Requests for pull requests

We always welcome new feature requests and suggestions, but if you are looking to contribute, here are some features that we plan to add soon.

Exponential family distributions

One prominent next step is to increase the number of distributions available. In rough order of importance, we are looking at:

  • Probit regression (see issue #159).
  • Negative binomial regression (see issue #163).
  • Other count distributions (e.g. Quasi Poisson, hurdle) (see issue #163).
  • Cox regression

For each distribution, the typical workflow would involve

  • computing the gradients and Hessian and updating the cheatsheet.
  • implementing it by updating _qu(), _logL(), _grad_L2loss(), _gradhess_logloss_1d(), score(), and simulate().
  • adding an example to illustrate the distribution, preferably with real data.

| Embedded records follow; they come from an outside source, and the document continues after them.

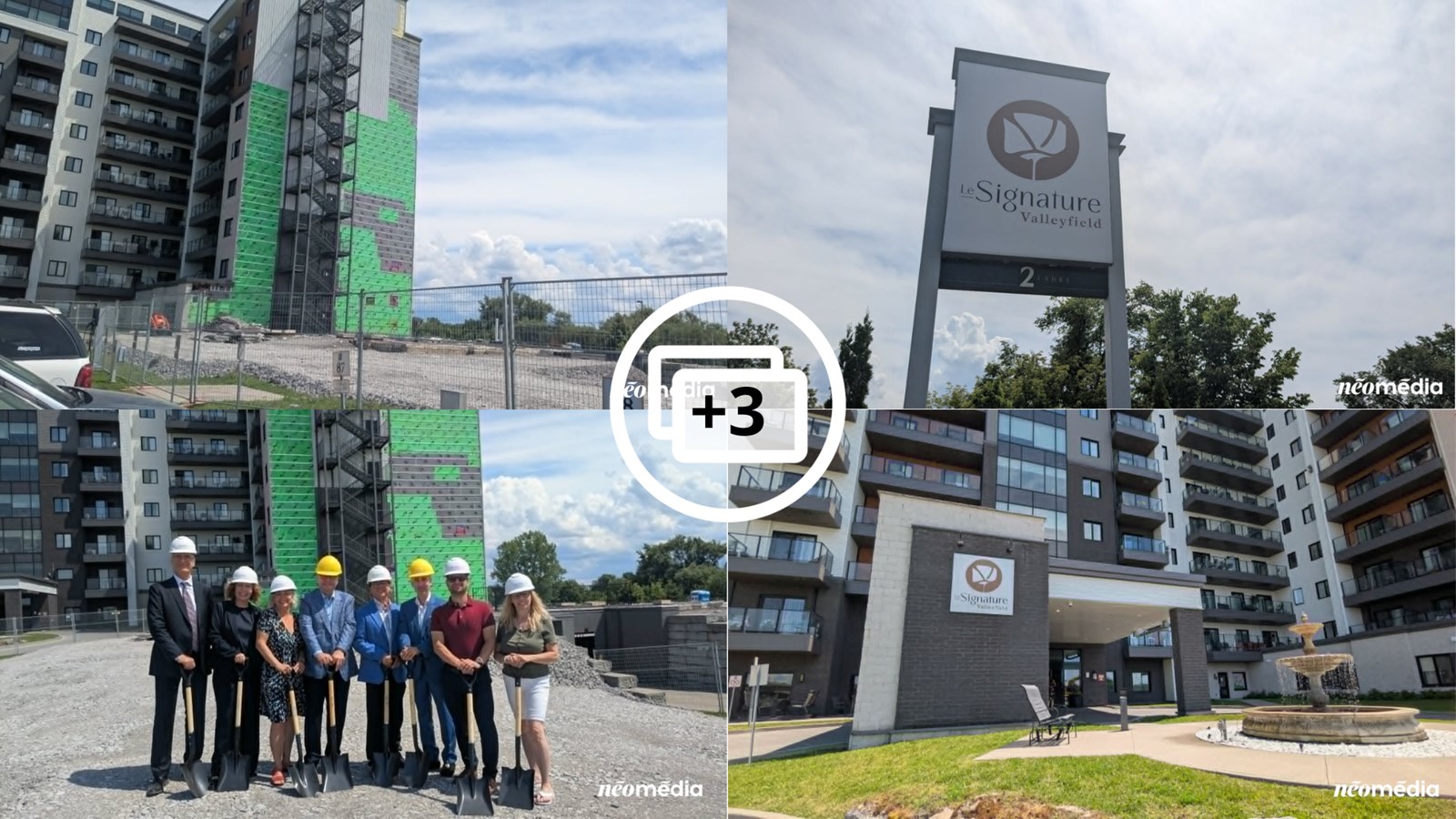 Le Signature Valleyfield donne le coup d'envoi à sa phase 2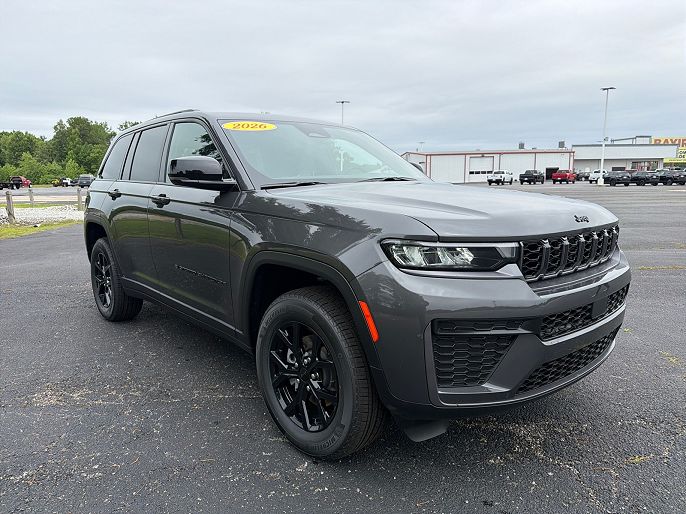 2026 Jeep Grand Cherokee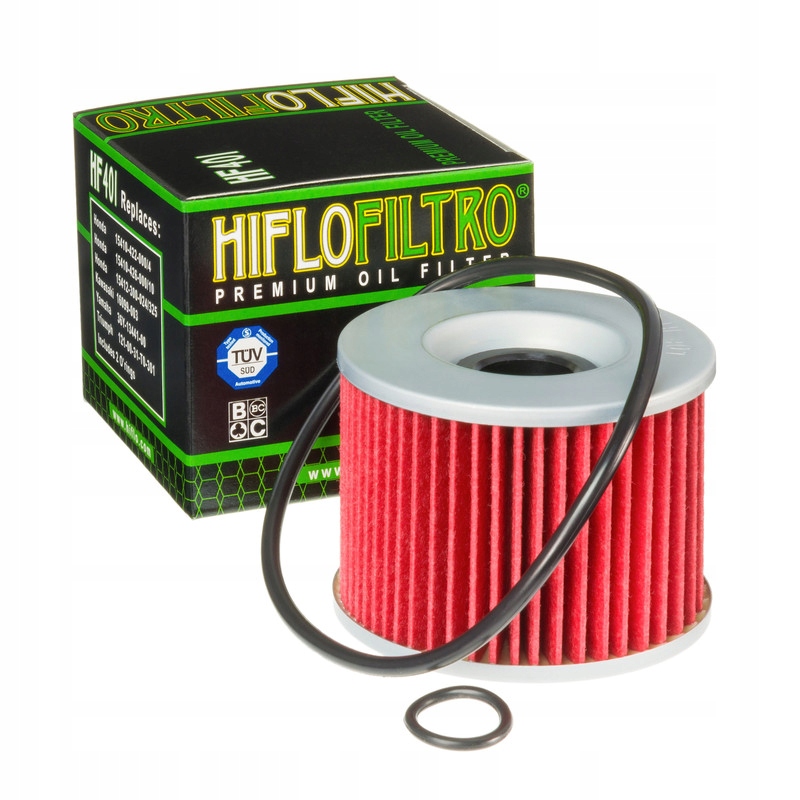 

Filtr oleju Hiflofiltr HF401 Honda Kawasaki Yamaha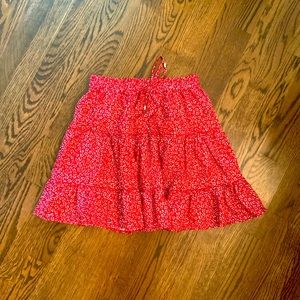 Ruffle Skirt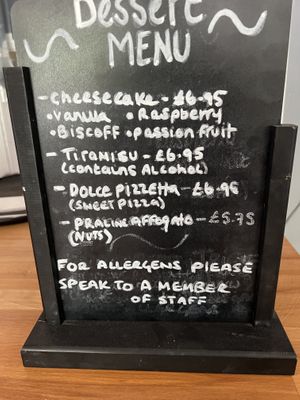   at Vegano in Newcastle Upon Tyne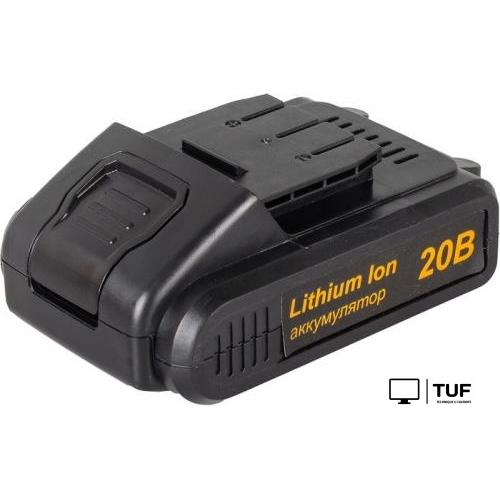 Дрель-шуруповерт Вихрь ДА-20Л-2КА (с 2-мя АКБ, кейс, набор оснастки)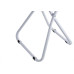 Banqueta Dobravel Secalux Pta/Pto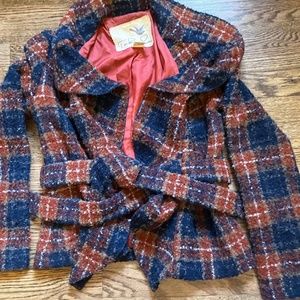 44% wool jacket Tabitha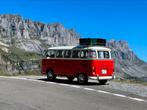 Volkswagen T2 met camper-interieur, Achterwielaandrijving, Beige, Leder, Handgeschakeld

Cython implementation of coordinate descent

Coordinate descent requires nested for loops that can be sped up with cython. This would involve translating _gradhess_logloss_1d() and _cdfast() into cython code (see issue #104).

Provide GLMCV class for warm restarts

Currently, the GLM class returns a list of estimators corresponding to each value of \(\lambda\) using a warm restart approach. This not readily compatible with some of scikit-learn‘s cross-validation and grid search features.

This PR would require an overhaul of the existing GLM class in addition to writing a new class (see issue #158).